(Stored entries)
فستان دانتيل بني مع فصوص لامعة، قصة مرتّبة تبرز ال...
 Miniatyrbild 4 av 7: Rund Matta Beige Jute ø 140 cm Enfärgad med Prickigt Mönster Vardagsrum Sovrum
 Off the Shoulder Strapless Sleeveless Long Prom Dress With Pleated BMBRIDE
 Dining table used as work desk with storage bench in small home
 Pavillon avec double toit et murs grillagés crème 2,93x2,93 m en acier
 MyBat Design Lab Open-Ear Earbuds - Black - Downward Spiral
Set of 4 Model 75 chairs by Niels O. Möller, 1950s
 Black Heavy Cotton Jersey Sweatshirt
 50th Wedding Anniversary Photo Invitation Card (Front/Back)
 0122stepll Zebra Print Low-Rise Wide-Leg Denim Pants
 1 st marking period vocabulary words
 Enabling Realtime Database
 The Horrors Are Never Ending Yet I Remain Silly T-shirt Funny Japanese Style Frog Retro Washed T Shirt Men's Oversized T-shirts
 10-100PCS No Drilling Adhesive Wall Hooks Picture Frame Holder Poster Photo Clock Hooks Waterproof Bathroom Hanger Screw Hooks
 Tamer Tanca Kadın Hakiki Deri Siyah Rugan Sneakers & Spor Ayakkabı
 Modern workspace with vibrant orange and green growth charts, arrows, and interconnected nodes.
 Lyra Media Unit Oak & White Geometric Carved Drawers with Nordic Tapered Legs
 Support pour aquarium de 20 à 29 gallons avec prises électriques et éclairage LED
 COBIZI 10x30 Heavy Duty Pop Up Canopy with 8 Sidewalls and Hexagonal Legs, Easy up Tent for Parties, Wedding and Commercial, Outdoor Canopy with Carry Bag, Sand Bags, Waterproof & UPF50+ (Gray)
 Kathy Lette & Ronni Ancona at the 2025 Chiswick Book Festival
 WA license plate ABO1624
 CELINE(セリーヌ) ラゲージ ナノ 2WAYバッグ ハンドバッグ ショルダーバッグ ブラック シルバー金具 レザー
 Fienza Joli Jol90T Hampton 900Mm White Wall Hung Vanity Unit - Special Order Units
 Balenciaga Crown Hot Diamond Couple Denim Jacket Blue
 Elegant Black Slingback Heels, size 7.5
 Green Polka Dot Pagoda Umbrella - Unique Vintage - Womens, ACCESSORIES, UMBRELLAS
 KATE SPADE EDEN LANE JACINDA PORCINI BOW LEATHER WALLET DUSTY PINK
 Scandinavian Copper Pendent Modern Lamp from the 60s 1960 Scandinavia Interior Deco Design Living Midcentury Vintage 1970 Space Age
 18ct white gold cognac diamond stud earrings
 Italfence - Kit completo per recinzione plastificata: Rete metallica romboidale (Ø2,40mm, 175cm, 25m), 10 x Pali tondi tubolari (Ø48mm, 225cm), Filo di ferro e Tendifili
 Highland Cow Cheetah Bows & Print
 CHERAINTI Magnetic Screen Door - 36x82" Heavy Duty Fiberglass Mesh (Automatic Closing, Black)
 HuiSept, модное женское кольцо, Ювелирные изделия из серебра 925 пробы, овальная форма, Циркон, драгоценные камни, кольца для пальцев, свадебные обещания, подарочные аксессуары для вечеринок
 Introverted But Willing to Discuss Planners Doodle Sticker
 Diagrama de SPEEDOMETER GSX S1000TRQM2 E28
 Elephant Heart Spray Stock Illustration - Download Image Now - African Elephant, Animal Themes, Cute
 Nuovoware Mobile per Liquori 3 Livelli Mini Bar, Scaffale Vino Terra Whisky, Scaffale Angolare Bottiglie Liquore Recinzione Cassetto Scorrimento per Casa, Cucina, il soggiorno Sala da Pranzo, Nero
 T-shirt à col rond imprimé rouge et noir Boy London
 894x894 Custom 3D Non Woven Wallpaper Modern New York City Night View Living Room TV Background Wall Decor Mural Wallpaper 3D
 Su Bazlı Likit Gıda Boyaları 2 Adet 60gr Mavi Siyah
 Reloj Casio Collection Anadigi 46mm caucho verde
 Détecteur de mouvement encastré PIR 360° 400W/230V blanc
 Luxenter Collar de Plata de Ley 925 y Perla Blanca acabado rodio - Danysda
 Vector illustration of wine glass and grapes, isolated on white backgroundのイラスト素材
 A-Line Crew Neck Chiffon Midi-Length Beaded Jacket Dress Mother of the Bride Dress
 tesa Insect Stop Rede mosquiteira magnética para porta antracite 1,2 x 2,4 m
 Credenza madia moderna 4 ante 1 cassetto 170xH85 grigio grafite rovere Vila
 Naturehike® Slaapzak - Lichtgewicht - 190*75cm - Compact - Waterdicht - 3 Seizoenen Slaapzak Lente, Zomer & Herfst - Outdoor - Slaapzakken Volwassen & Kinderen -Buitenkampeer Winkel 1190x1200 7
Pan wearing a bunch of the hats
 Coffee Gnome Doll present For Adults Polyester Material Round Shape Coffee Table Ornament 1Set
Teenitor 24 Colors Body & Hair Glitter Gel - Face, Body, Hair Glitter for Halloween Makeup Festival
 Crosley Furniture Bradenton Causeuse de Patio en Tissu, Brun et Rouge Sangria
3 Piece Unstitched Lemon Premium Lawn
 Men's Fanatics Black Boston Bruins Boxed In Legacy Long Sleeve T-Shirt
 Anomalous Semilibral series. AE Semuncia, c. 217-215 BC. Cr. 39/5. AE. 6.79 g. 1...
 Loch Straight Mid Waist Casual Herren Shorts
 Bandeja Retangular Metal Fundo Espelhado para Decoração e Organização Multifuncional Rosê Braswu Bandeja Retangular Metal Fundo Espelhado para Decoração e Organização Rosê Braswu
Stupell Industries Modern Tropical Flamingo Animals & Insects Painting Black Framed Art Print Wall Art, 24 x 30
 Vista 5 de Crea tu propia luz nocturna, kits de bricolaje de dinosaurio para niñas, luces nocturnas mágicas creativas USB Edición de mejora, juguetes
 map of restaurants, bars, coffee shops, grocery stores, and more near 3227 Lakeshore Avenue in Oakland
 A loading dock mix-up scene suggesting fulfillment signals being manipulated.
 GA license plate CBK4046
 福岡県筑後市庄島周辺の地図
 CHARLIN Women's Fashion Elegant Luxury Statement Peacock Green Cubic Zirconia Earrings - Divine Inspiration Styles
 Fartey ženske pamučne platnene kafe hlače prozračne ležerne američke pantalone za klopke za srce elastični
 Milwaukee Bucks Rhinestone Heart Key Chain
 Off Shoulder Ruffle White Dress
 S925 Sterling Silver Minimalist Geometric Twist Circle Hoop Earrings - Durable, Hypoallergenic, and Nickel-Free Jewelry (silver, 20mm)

- [Exercise details] Reproduce precisely, and with no line left out, each line from the top of the entries through the line that carries "WA license plate ABO1624".

- [Response box]
فستان دانتيل بني مع فصوص لامعة، قصة مرتّبة تبرز ال...
 Miniatyrbild 4 av 7: Rund Matta Beige Jute ø 140 cm Enfärgad med Prickigt Mönster Vardagsrum Sovrum
 Off the Shoulder Strapless Sleeveless Long Prom Dress With Pleated BMBRIDE
 Dining table used as work desk with storage bench in small home
 Pavillon avec double toit et murs grillagés crème 2,93x2,93 m en acier
 MyBat Design Lab Open-Ear Earbuds - Black - Downward Spiral
Set of 4 Model 75 chairs by Niels O. Möller, 1950s
 Black Heavy Cotton Jersey Sweatshirt
 50th Wedding Anniversary Photo Invitation Card (Front/Back)
 0122stepll Zebra Print Low-Rise Wide-Leg Denim Pants
 1 st marking period vocabulary words
 Enabling Realtime Database
 The Horrors Are Never Ending Yet I Remain Silly T-shirt Funny Japanese Style Frog Retro Washed T Shirt Men's Oversized T-shirts
 10-100PCS No Drilling Adhesive Wall Hooks Picture Frame Holder Poster Photo Clock Hooks Waterproof Bathroom Hanger Screw Hooks
 Tamer Tanca Kadın Hakiki Deri Siyah Rugan Sneakers & Spor Ayakkabı
 Modern workspace with vibrant orange and green growth charts, arrows, and interconnected nodes.
 Lyra Media Unit Oak & White Geometric Carved Drawers with Nordic Tapered Legs
 Support pour aquarium de 20 à 29 gallons avec prises électriques et éclairage LED
 COBIZI 10x30 Heavy Duty Pop Up Canopy with 8 Sidewalls and Hexagonal Legs, Easy up Tent for Parties, Wedding and Commercial, Outdoor Canopy with Carry Bag, Sand Bags, Waterproof & UPF50+ (Gray)
 Kathy Lette & Ronni Ancona at the 2025 Chiswick Book Festival
 WA license plate ABO1624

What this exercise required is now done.